La voz aflautada de la señorita Peyret rompió la espera y el silencio. Me estaba dando el papel y la pluma mojada de tinta para que se lo ofreciera a mi señora y ella, por escrito, manifestara cuál era su identidad y sus deseos.
—Vamos, niña —insistía la hija del alguacil—. Dile a esa señora que escriba su nombre. Pregúntale qué es lo que quiere. Si tiene necesidad de misas o cualquier otra cosa, las haremos. Haremos todo lo que nos pida, pero que lo escriba.
Yo desprecié la pluma con un gesto y maldije en mi interior aquella incómoda presencia, pues no podía ofrecerle a la dama mi cuerpo en plenitud como sucedió en las ocasiones anteriores.
—Lo lamento, amada señora —pronuncié en voz baja.
Ella sonrió y, con un guiño, me indicó lo que debía hacer. Me giré de nuevo hacia las mujeres y les arrebaté el papel y la pluma. Retrocedí con ellas unos cuantos pasos, alejándolas del rosal hasta un lugar desde el que sólo se podía ver la oscura entrada de la cavidad y les indiqué que no se movieran de aquel lugar.
—¿Qué pasa? —preguntó la amiga—. ¿Nuestra presencia molesta a la señora?
—No hay necesidad de asustarla —respondí—. Quédense aquí y sigan con sus oraciones. La señora desea un rosario completo.
Y me dirigí de nuevo hacia la roca con aquel papel y aquella pluma. Nada más entrar, los arrojé al suelo y me apresuré a desnudarme.
De nuevo me hundí en sus brazos, en su vientre, agarrándola con fuerza, girando en un torbellino infinito. Besos, caricias; sus menudos y afilados dientes hincándose en mi cuello, en mis orejas. La sal de su piel en mi lengua, el sudor; un laberinto de dedos, manos, uñas, perfiles, siluetas. Gemidos, espasmos. Y en aquella cúpula de tactos, de pieles, sintiendo su vello rizado cosquilleando en mi nariz, un manantial de gelatina dulce se deslizó por mi lengua hasta el fondo de mi boca. De nuevo un pozo sin fondo, una espiral que cae hacia arriba; el intenso galopar por una pradera llena de surcos y colinas. La escalada arrolladora hasta alcanzar esa cima ya conocida, ya esperada y deseada. Y después, su manto enredado entre nuestros cuerpos exhaustos y satisfechos; desenredarse entre risas y más besos. Y más caricias, ahora dulces, tranquilas, lentas, mesuradas. Oí su voz: aquella cascada de campanillas pidiéndome que volviera, que regresara allí durante los quince días siguientes. Que no faltara a la cita, que ella estaría esperándome. ¡Qué maravillosa puerta abierta me estaba ofreciendo! ¡Y con qué dulzura! ¡Qué sensual su voz cuando me hablaba!

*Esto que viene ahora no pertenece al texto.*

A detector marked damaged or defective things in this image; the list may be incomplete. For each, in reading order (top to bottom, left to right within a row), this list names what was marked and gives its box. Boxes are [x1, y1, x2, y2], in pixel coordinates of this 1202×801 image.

Mientras recogía mis ropas para vestirme, me arrodillé de nuevo y, cuando acabé de ligarme el mandil, recogí el papel y la pluma, que habían quedado tirados en el suelo, testigos de nuestro intenso retozar, y corrí hacia las mujeres, que aún me esperaban, rosario en mano, al otro extremo de la cueva.
—¿Qué te ha dicho? —preguntaron llenas de emoción al ver mi rostro iluminado.
—Que tenga la bondad de venir aquí durante quince días —exclamé—. ¡Qué tenga la bondad! ¿Se dan cuenta? Me ha tratado de vos.
—¿Qué has contestado?
—Le he dicho que sí, que nada podrá detenerme.
—¿Y para qué quiere que vengas, la señora? —interrogó la amiga con una mirada confusa.
—No lo sé —respondí.
—¿Por qué nos has indicado que nos fuéramos, que esperáramos aquí?
—Para obedecer a la señora.
—¿Acaso nuestra presencia le disgusta? Te ruego que se lo preguntes —exclamó azorada la hija del alguacil.
Así lo hice. Regresé a la cueva y aún estaba allí, quieta, serena, altiva. Yo seguía con el papel y la pluma entre mis manos y sin saber qué hacer con ellos. Las dos nos reímos al mirarlos. Luego, con su voz profunda y aquella seguridad que la dotaba de absoluta perfección, me indicó lo que debía responder.
—Me ha dicho —expliqué al volver— que no os promete haceros felices en este mundo, pero sí en el otro.
Y les devolví, por fin, el papel y la pluma. Las señoras se santiguaron emocionadas.
—¡Oh! ¡No ha escrito nada! —advirtió sorprendida la señorita Peyret—. Pregúntale quién es.
Al girarme otra vez, la imagen había desaparecido. Miré a las dos mujeres con aire desconsolado.
—Los seres sobrenaturales —acerté a decir— no revelan su secreto. La señora es mi ama. Volveré aquí durante quince días y lo haré sola, pues sólo yo la veo. Sólo a mí me reclama.
Entonces, las tres nos pusimos a rezar en voz muy baja, tal como había propuesto la señorita Peyret.
Se oían, monótonas, la canción eterna del Gave rodando sobre los guijarros y nuestra oración al abrigo de la blanca inmensidad de los Pirineos. Nada se alteraba. Desde el bosque llegaba la melodía alegre de los pájaros como un canto de esperanza. Ya nada podría detener aquel devenir. El misterio se había renovado.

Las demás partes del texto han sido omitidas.